# Working on my Alaska fly box



## brushbuster (Nov 9, 2009)




----------



## Honyuk96 (Nov 21, 2014)

Make sure you have some pink wogs and some flesh flies


----------



## brushbuster (Nov 9, 2009)

Yup,got a few flesh flies done up from last trip.


----------



## Honyuk96 (Nov 21, 2014)

Ever throw a dry line w a wog for silvers ?


----------



## brushbuster (Nov 9, 2009)

No


Honyuk96 said:


> Ever throw a dry line w a wog for silvers ?


No, always wanted to. Unfortunately the streams 'll be fishing this August don't have silver runs, just chums, grayling,and large sea run dollies. There is a small chance I will hit a silver stream before I go home, depends on time.
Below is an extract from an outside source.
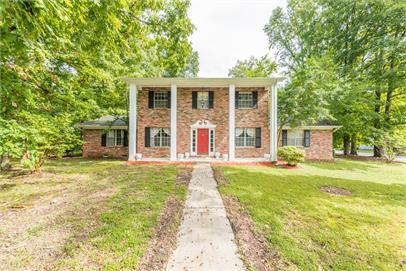 Primary Photo - 1828 Northwood Dr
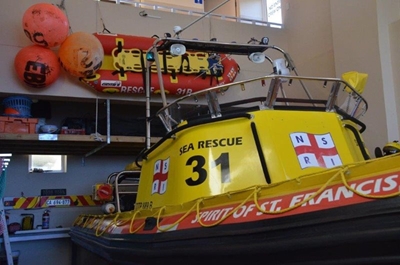 Du-dum… Du-dum… Bathers beware!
I do plan on skating some mice to see if I can entice those giant dollies that are present in the streams I will be fishing.


----------



## Honyuk96 (Nov 21, 2014)

Sweet !


----------



## brushbuster (Nov 9, 2009)

It's a start


----------



## Honyuk96 (Nov 21, 2014)

Yep perfect


----------



## mfs686 (Mar 15, 2007)

Working on mine as well. Lot's of pink. After all the streamers are done I'm going to have a hard time switching over to small dries for the Grayling. The worst part will be the mice and wogs, I hate trimming deer hair.


----------



## brushbuster (Nov 9, 2009)

mfs686 said:


> Working on mine as well. Lot's of pink. After all the streamers are done I'm going to have a hard time switching over to small dries for the Grayling. The worst part will be the mice and wogs, I hate trimming deer hair.


My dry fly box is complete, nothing fancy. Grayling attack anything. A lot of fun to fish for.
I hate spinning and trimming deer hare for mice.
When and where are you going?


----------



## mfs686 (Mar 15, 2007)

brushbuster said:


> My dry fly box is complete, nothing fancy. Grayling attack anything. A lot of fun to fish for.
> I hate spinning and trimming deer hare for mice.
> When and where are you going?


Aug. 5th-12th Alagnak River, about 100 miles north of King Salmon. I'll be there after the King run but at the start of the Silver run. Target Species are Chum, Silver, Sockeye, Pink, Artic Grayling and Char and the local Rainbows. Rods, Reels and lines are all set, just need to tie a butt load of flies.


----------



## 101thwacK (Sep 7, 2017)

Been to Alaska the past few years for a 2 week missions trip. The last 2-3 days we have time to fish a bit I keep taking my fly rod but the other guys that go and the guys up there are pretty much all using spinning tackle. I have had the same experience that the grayling dont seem to be picky at all and can catch them all day everyday(though I have found a muddler minnow, or a large prince nymph work exceptionally well). But try as I might I have only connected with one dolly varden on a white rabbit strip streamer. Do you guys have any suggestions for patterns i should try?


----------



## brushbuster (Nov 9, 2009)

101thwacK said:


> Been to Alaska the past few years for a 2 week missions trip. The last 2-3 days we have time to fish a bit I keep taking my fly rod but the other guys that go and the guys up there are pretty much all using spinning tackle. I have had the same experience that the grayling dont seem to be picky at all and can catch them all day everyday(though I have found a muddler minnow, or a large prince nymph work exceptionally well). But try as I might I have only connected with one dolly varden on a white rabbit strip streamer. Do you guys have any suggestions for patterns i should try?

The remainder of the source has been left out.